Ele foi levado para uma sala reservada conversar com alguns membros da CPI. O vice-presidente da comissão, Randolfe Rodrigues (Rede-AP), determinou a retenção do celular de Dominghetti para perícia pela Polícia do Senado, após um pedido do senador Renan Calheiros (MDB-AL), relator da investigação.

Como revelou ontem o Estadão, a Davati, empresa que Dominghetti afirmou representar, chegou ao governo por meio de um oficial da reserva do Exército que integra a chamada “Abin paralela”, grupo de informantes que Bolsonaro afirma manter para não depender dos órgãos oficiais de informação. O coronel Roberto Criscuoli disse ao Estadão ter sido responsável por fazer a ponte entre a Davati Medical Supply. A empresa nega que o policial seja seu representante.

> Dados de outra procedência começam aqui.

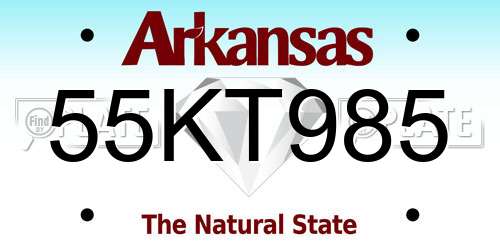 55KT985 Arkansas License Plate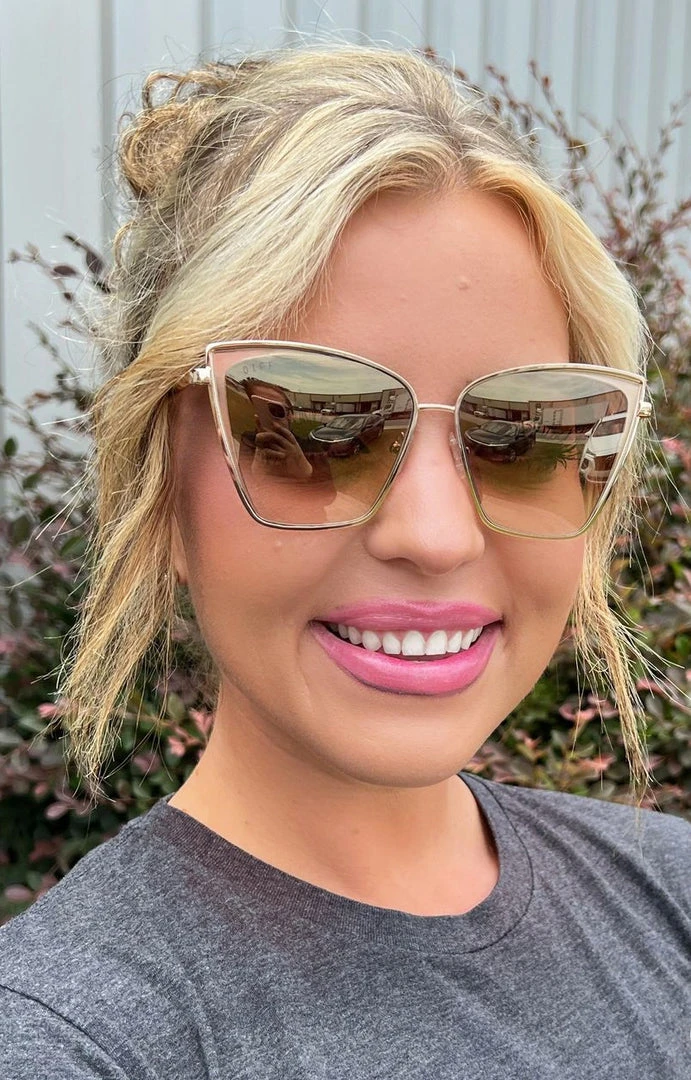 DIFF - BECKY-GD-BG18 - 61922 Accessories DIFF - Becky Brush Gold Flash Brown Gradient Sunglasses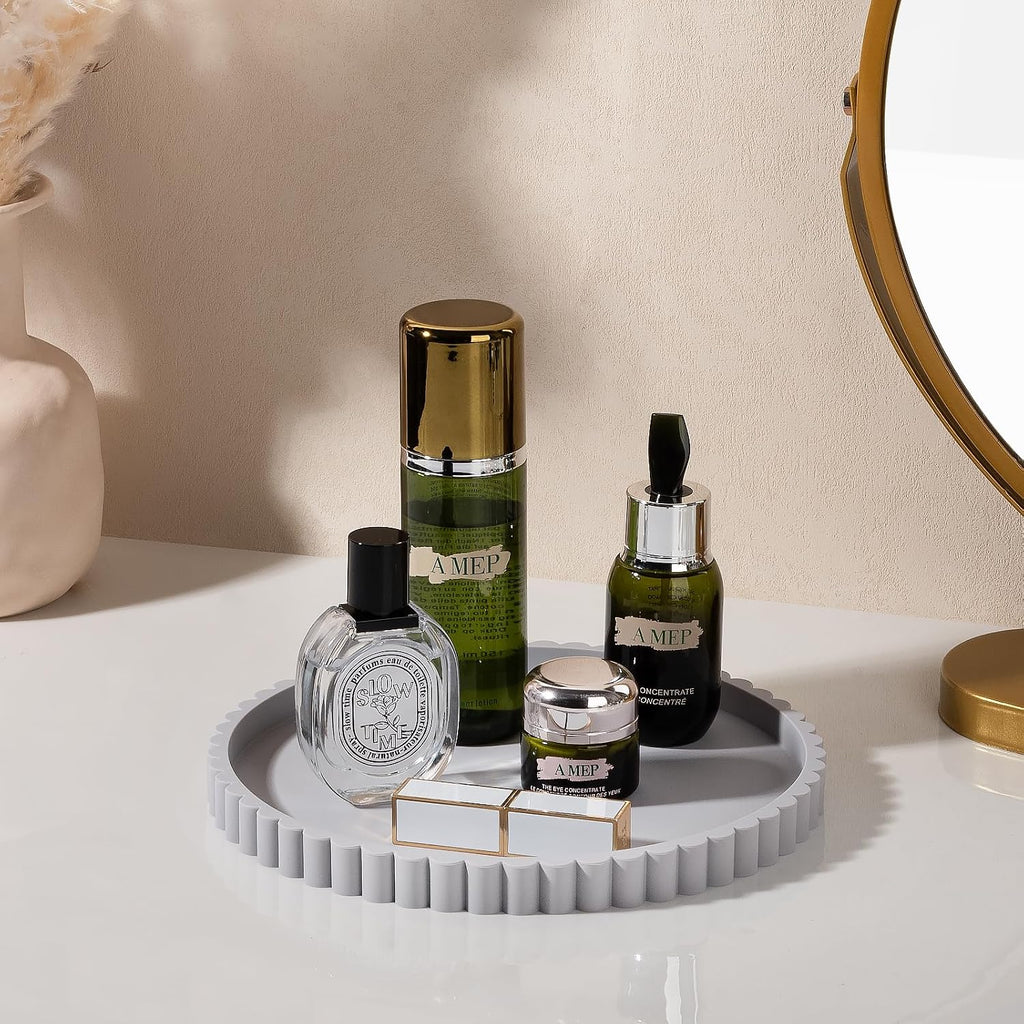 Round Bathroom Tray Perfume Organizer Coffee Table Decor, 9" Light Gray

Em e-mail à reportagem, porém, o responsável pela Davati nos Estados Unidos, Herman Cárdenas, admitiu que o nome de Dominghetti foi incluído em comunicações com o governo brasileiro sobre oferta de vacinas da AstraZeneca apresentada pela companhia. O nome de Dominghetti foi incluído “a pedido”, de acordo com Cárdenas, sem explicar quem teria feito a solicitação.

“Incluímos o nome do Sr. Dominghetti no FCO (oferta) que apresentamos ao governo brasileiro porque nos pediram e presumimos que ele fosse representante deles”, afirmou Cárdenas, por e-mail.

“A história tem focinho de estelionato, rabo de estelionato, pé de estelionato. Será que é estelionato? Vamos descobrir, mas chama atenção a repetição do procedimento do governo cheio de amadorismo, privilégio às relações de amizade e aos velhos esquemas. Manter o foco é essencial”, afirmou Alessandro Vieira (Cidadania-SE), suplente na CPI.